Task to complete:
The line containing "White Superficial Onychomycosis: Types, Symptoms, Causes" marks the start; extract exactly from it through the last line of the entries, and omit any pictures.
Top of Listed entries
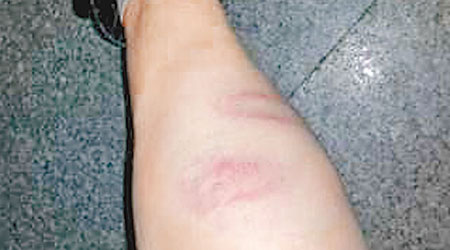 女法官腳上有被毆傷痕。（互聯網圖片）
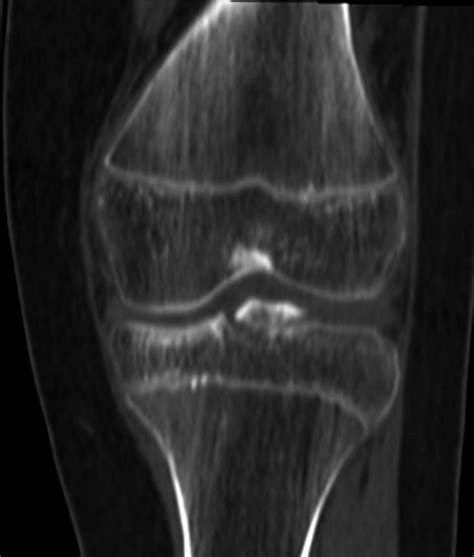 TC coronal en ventana ósea de una fractura avulsiva de la espina tibial. Rasgo de fractura que compromete la espina tibial.
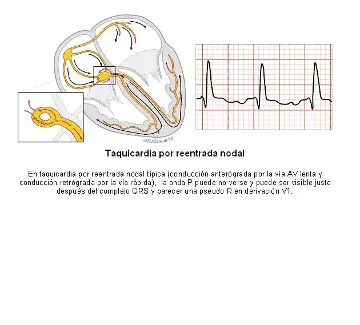 nodal re-entrant tachycardia
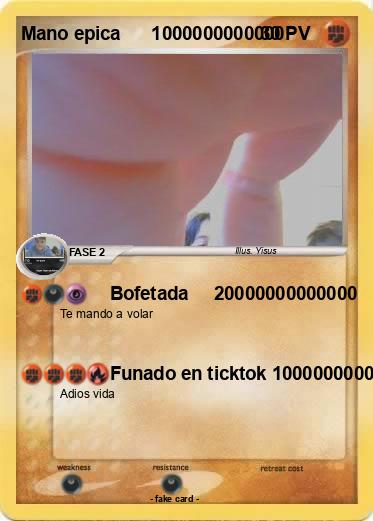 Pokemon Mano epica      1000000000000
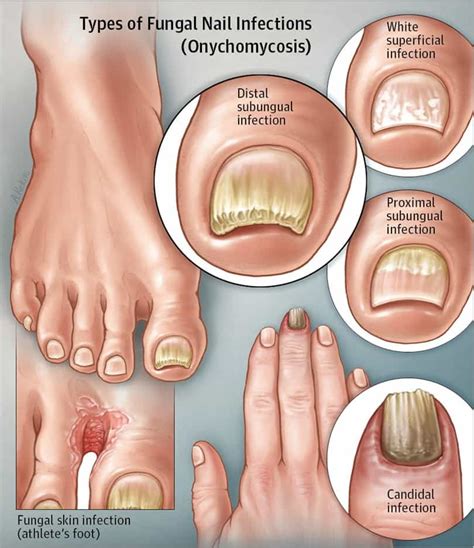 White Superficial Onychomycosis: Types, Symptoms, Causes & Treatment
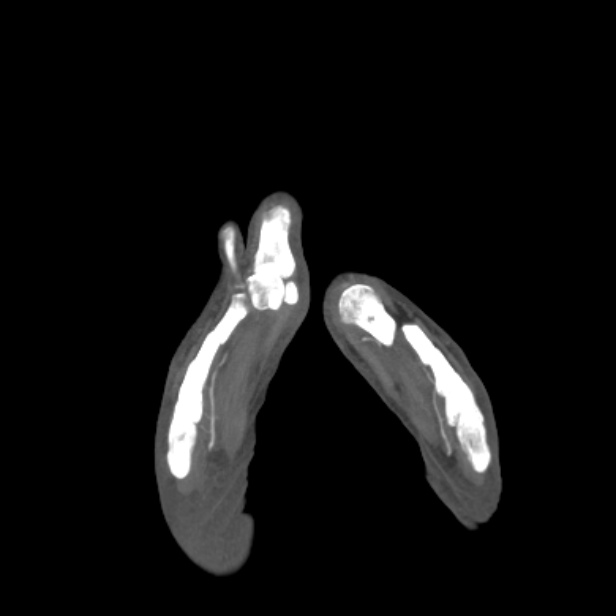 Bilateral superficial femoral arterial occlusion (Radiopaedia 25682-25857 A 96).jpg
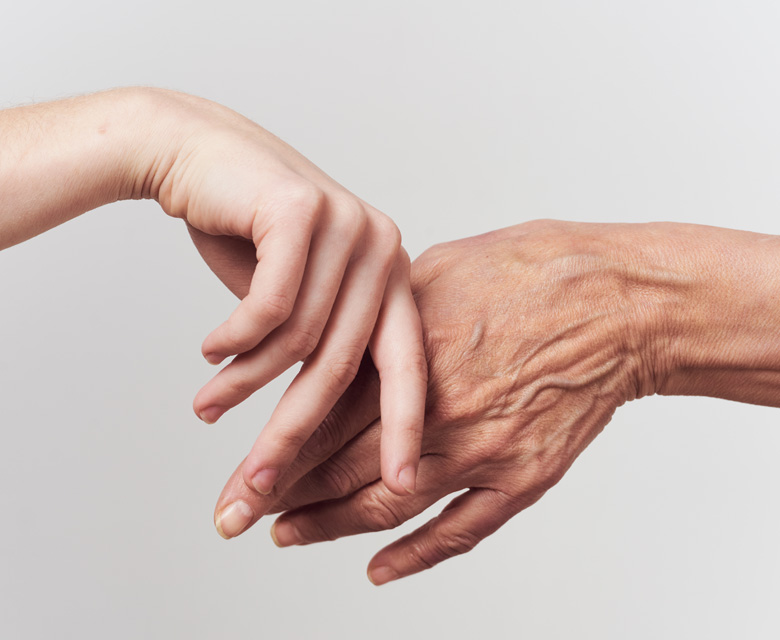 Binsina Skin & Laser Clinic - Ageing Hands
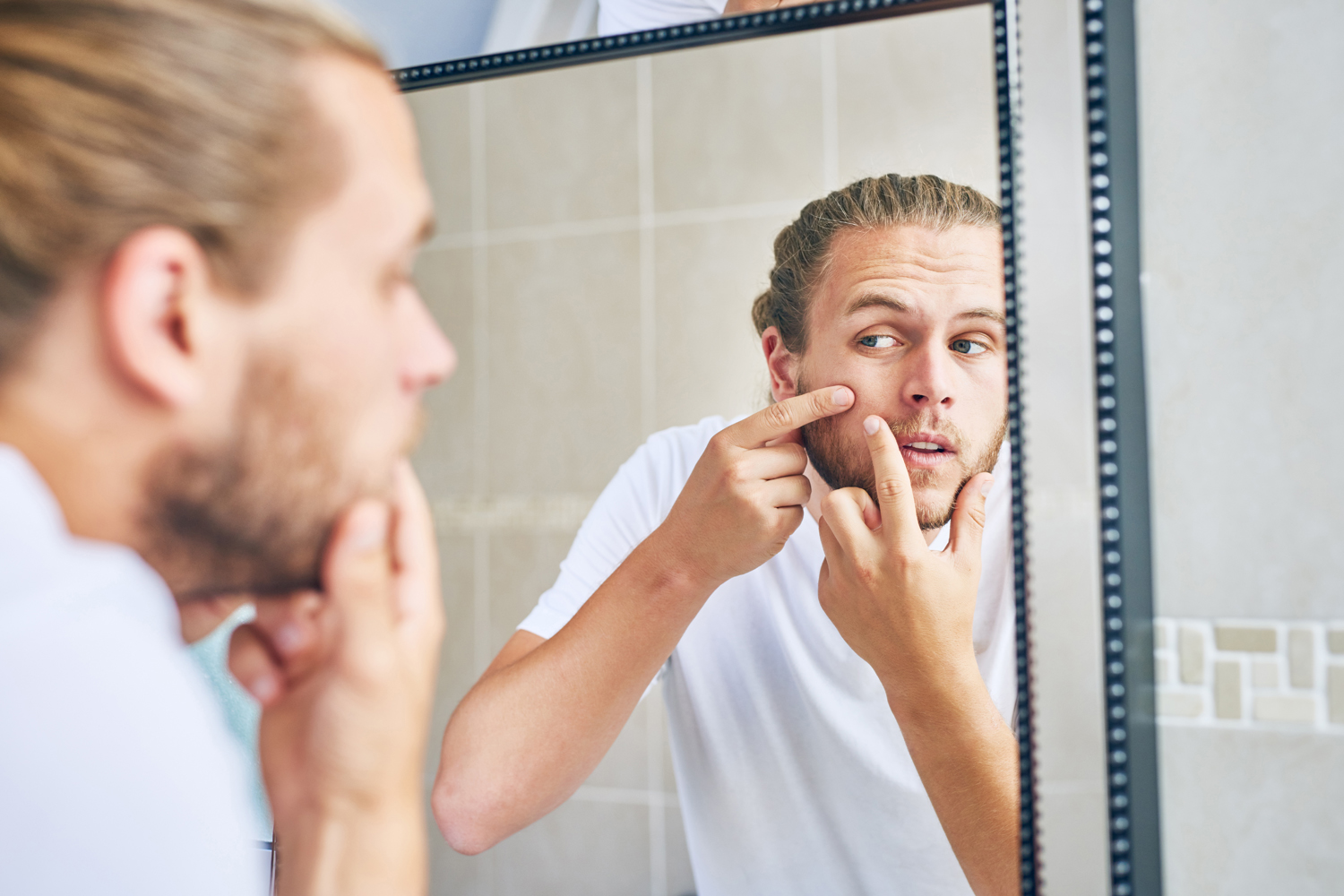Best acne treatment sales for men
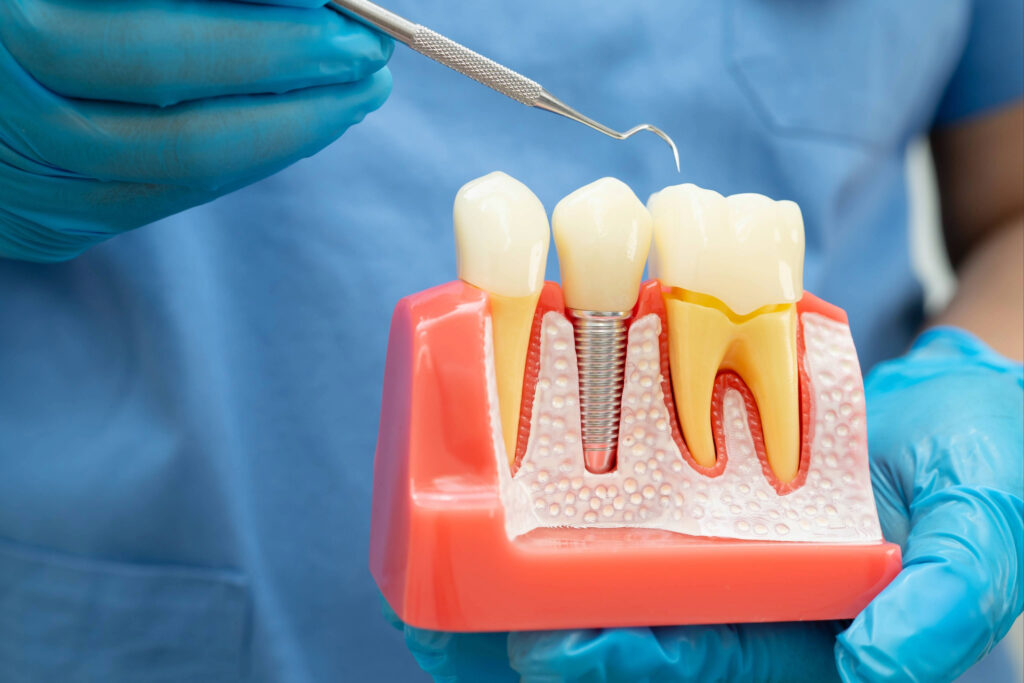 brooklyn perio dental implants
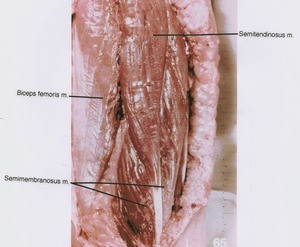 Natural color photograph of left thigh, posterior view, showing muscles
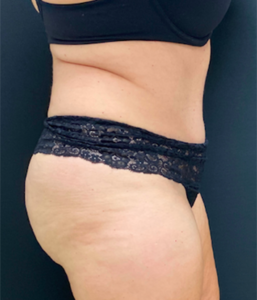 Abdominoplasty (Tummy Tuck) Before and After Pictures Buffalo, NY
Bottom of Listed entries
Problem solution:
 White Superficial Onychomycosis: Types, Symptoms, Causes & Treatment
 Bilateral superficial femoral arterial occlusion (Radiopaedia 25682-25857 A 96).jpg
 Binsina Skin & Laser Clinic - Ageing Hands
Best acne treatment sales for men
 brooklyn perio dental implants
 Natural color photograph of left thigh, posterior view, showing muscles
 Abdominoplasty (Tummy Tuck) Before and After Pictures Buffalo, NY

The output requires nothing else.